The Land Value Tax
Advocating for the land value tax in Minnesota is currently our primary goal. This tax is aimed at using every piece of land to its full potential, conserving our natural resources, stopping the practice of land speculation, and creating a just and natural economic system.
A land value tax (LVT) shift involves taxing the land value portion of properties at a higher rate than the building value.
The current property tax system taxes the total value of properties. This includes both the land and any structures on top of it. Because the average property has most of its value in the building, the conventional property tax is mostly a tax on building value.
This creates perverse incentives for speculators to buy up vacant and underused sites and to avoid building intensive uses. For the speculator, as long as annual holding costs are lower than the site’s annual appreciation in value, it pays to hold out. For those who want to make the most of the site, the more building value they create, the more they pay in property taxes.
As a result, a significant portion of land in cities, particularly near downtown areas, remains locked up as surface parking lots or other low-intensity uses. This has big environmental implications. Dense, high-intensity land use promotes sustainable transportation habits by making it easier to walk, bike, and take transit. It also limits urban sprawl and the resulting loss of habitat by concentrating development in existing urbanized areas.
Places using land value tax shifts have experienced tremendous in-fill and redevelopment effects, along with other benefits. In the U.S., Pennsylvania has used this approach the most.
After Harrisburg, once one of the most distressed cities in the nation, adopted this approach in 1975, it saw 5,200 vacant properties restored and taxable businesses rise from 1,908 to 5,900. A number of smaller Pennsylvania towns saw dramatic increases in building permits issued and a majority of residents received tax reductions under the reform. A widely-cited study of LVT use in Pittsburgh showed that building construction there leapt ahead of other Rust Belt cities.

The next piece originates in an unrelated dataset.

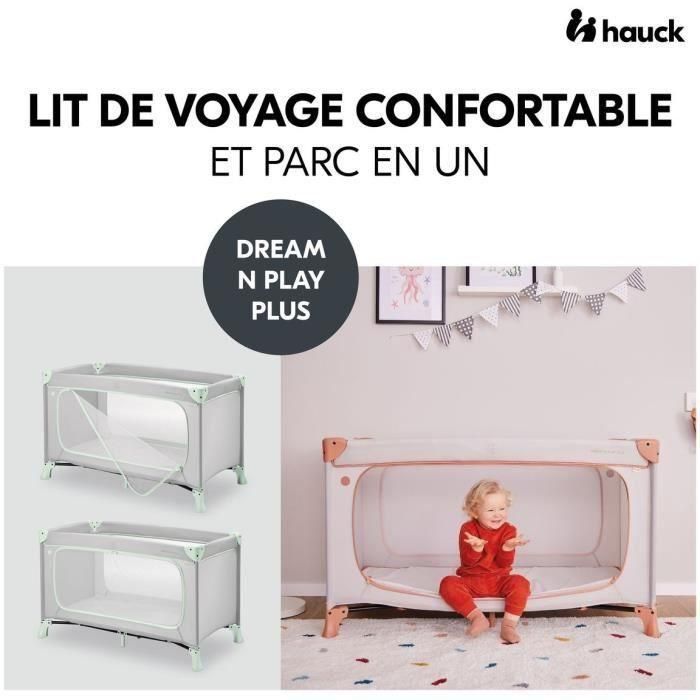 Hauck HAU1731647258466 Cuna de viaje Dream N Play Plus 60x120 cm Desde el nacimiento Plegable Azul polvoriento 1 Hauck HAU1731647258466 Cuna de viaje Dream N Play Plus 60x120 cm Desde el nacimiento Plegable Azul polvoriento 1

A recent chorus of voices from the fields of planning, architecture, and economics have called for the widespread adoption of this approach. For more specifics, see this report by Oregon’s Northwest Economic Research Center that was funded in part by Common Ground USA.
Rewilding is the process of giving land back to the natural and biodiverse ecosystems which we took from in order to develop land. The widespread single family use zoning of cities across our nation is the effect of a faulty tax system. One which, in order to expand and support the population, developers are incentivized to destroy hectares of native ecosystems at a time to make way for unaffordable and inefficient homes. The land value tax solves this through pushing developers to seek profit in more dense and infrastructure rich environments. As Minnesotans move to the missing middle, land can be given back to the environment for carbon capture or to support native wildlife.
More Information on the Land Value Tax
Here are some of our favorite articles and videos showing the advantages of implementing a land value tax.
Value Capture for Transportation Finance by Michael Lacono explains why the value of the land belongs to the community, how transportation infrastructure increases the value of the land, and why then it makes economic sense to use a land value tax to fund transportation projects.
Break the Boom and Bust Cycle by Rick and Walter Rybeck explains the causes of the patterns of rises and falls in our nation's economy and how the land value tax can stop this process.
Pennsylvania has a long history with the Land Value Tax and now has fifteen cities which have put this tax into practice. Pennsylvania's Success with Local Property Tax Reform by Alanna Hartzok documents how these cities have grown and benefited due to their taxes on land value.
Evaluating the Feasability and Burden Shifting Impacts of a Statewide Land Value Tax on Commercial and Industrial Property by Mark Haveman, the Program Director of the resarch arm of the Minnesota Taxpayers Association, is a study of the impacts of a Land Value Tax. This article followed the 2003 proposal of a Land Value Tax which failed due to lack of data on the benefits of a Land Value Tax in Minnesota. The goal of the article was to provide evidence in support of this policy and appease that need.
By making it inadvisable to hold onto underused land, a land value tax would promote density and deter development in sprawling neighborhoods. Greenest Place in the U.S.? It’s Not Where You Think by David Owen, writer for The New Yorker, shows why New York City is the most sustainable place in America and why this is caused by its density.
Increasing population density also makes cities more innovative and its people more productive. Larry Hardesty explains why in his Why Innovaton Thrives in Cities.